◆ **PROVIDED RECORDS**

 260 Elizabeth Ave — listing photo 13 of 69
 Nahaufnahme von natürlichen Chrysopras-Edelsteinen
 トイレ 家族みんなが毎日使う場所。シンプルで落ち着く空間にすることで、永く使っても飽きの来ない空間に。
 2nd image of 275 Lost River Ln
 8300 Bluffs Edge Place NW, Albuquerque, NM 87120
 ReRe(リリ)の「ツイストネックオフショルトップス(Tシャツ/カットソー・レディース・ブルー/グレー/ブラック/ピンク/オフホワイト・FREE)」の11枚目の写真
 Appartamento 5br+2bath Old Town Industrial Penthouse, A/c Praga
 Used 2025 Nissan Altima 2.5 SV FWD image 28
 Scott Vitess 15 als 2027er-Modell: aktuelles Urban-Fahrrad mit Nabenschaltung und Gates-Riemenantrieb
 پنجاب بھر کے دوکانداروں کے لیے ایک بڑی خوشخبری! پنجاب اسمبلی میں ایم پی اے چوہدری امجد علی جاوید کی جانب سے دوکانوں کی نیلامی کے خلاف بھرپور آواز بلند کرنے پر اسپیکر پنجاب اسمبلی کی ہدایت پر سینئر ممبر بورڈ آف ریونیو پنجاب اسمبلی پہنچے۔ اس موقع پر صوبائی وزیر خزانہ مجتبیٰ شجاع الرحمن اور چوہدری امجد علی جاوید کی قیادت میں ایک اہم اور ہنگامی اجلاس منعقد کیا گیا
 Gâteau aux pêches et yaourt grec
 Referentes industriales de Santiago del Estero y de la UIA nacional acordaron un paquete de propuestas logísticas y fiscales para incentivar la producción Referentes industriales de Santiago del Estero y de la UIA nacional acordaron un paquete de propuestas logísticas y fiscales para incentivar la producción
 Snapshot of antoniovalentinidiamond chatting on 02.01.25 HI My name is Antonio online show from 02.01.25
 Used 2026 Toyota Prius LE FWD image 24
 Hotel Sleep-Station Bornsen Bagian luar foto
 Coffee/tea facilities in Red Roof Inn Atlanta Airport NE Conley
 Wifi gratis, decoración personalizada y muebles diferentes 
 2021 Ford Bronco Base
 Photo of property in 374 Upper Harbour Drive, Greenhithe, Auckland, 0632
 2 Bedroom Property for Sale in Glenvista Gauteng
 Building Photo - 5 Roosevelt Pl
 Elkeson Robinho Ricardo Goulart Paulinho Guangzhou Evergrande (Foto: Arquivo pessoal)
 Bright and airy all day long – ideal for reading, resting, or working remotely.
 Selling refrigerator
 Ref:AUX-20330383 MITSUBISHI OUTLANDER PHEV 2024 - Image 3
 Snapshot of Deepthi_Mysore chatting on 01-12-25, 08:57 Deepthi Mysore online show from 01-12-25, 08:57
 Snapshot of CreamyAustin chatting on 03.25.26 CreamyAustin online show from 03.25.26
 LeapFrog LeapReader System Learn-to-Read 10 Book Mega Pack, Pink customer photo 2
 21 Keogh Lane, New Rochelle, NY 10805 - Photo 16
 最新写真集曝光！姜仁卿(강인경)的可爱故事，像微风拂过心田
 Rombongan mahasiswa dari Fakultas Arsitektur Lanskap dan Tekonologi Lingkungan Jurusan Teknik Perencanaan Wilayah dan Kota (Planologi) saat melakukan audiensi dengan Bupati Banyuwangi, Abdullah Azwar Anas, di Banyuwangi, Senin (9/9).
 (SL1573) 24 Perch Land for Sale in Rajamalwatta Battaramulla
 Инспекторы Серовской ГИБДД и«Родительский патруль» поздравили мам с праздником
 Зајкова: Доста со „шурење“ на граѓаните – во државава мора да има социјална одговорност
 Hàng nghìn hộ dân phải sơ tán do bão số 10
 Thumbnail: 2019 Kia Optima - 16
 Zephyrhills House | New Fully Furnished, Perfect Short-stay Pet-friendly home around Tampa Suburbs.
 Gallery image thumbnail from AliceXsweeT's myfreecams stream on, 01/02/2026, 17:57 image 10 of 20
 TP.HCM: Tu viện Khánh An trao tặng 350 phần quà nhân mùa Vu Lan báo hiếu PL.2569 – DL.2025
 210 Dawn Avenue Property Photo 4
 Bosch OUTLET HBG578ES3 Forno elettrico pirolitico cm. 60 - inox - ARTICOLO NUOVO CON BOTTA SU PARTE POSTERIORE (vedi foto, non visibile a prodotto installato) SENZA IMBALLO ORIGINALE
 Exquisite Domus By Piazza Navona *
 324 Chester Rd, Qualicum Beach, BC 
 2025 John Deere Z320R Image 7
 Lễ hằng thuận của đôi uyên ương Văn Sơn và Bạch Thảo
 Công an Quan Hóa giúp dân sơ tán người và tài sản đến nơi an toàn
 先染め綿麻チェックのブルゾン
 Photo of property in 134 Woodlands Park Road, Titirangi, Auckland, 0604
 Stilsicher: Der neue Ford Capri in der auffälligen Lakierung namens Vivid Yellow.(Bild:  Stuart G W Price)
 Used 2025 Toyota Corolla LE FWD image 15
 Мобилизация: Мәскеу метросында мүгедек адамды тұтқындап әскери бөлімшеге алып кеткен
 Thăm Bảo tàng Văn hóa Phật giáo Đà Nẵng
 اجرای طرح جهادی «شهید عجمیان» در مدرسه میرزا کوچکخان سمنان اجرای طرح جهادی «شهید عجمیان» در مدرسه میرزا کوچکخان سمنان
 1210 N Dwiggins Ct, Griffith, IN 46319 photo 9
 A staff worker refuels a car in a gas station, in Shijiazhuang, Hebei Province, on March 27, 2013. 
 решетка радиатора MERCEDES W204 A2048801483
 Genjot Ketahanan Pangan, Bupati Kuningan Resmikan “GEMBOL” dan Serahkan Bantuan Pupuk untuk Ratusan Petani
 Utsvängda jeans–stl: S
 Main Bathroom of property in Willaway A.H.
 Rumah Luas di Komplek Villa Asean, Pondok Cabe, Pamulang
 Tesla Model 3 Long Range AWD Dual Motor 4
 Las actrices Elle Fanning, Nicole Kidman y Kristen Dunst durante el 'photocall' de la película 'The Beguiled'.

◆ **PROBLEM DESCRIPTION**
Using the entries above, repeat only the lines from the one containing "Exquisite Domus By Piazza Navona *" through the one containing "Utsvängda jeans–stl: S", end lines included.

◆ **OUTPUT BELOW**
 Exquisite Domus By Piazza Navona *
 324 Chester Rd, Qualicum Beach, BC 
 2025 John Deere Z320R Image 7
 Lễ hằng thuận của đôi uyên ương Văn Sơn và Bạch Thảo
 Công an Quan Hóa giúp dân sơ tán người và tài sản đến nơi an toàn
 先染め綿麻チェックのブルゾン
 Photo of property in 134 Woodlands Park Road, Titirangi, Auckland, 0604
 Stilsicher: Der neue Ford Capri in der auffälligen Lakierung namens Vivid Yellow.(Bild:  Stuart G W Price)
 Used 2025 Toyota Corolla LE FWD image 15
 Мобилизация: Мәскеу метросында мүгедек адамды тұтқындап әскери бөлімшеге алып кеткен
 Thăm Bảo tàng Văn hóa Phật giáo Đà Nẵng
 اجرای طرح جهادی «شهید عجمیان» در مدرسه میرزا کوچکخان سمنان اجرای طرح جهادی «شهید عجمیان» در مدرسه میرزا کوچکخان سمنان
 1210 N Dwiggins Ct, Griffith, IN 46319 photo 9
 A staff worker refuels a car in a gas station, in Shijiazhuang, Hebei Province, on March 27, 2013. 
 решетка радиатора MERCEDES W204 A2048801483
 Genjot Ketahanan Pangan, Bupati Kuningan Resmikan “GEMBOL” dan Serahkan Bantuan Pupuk untuk Ratusan Petani
 Utsvängda jeans–stl: S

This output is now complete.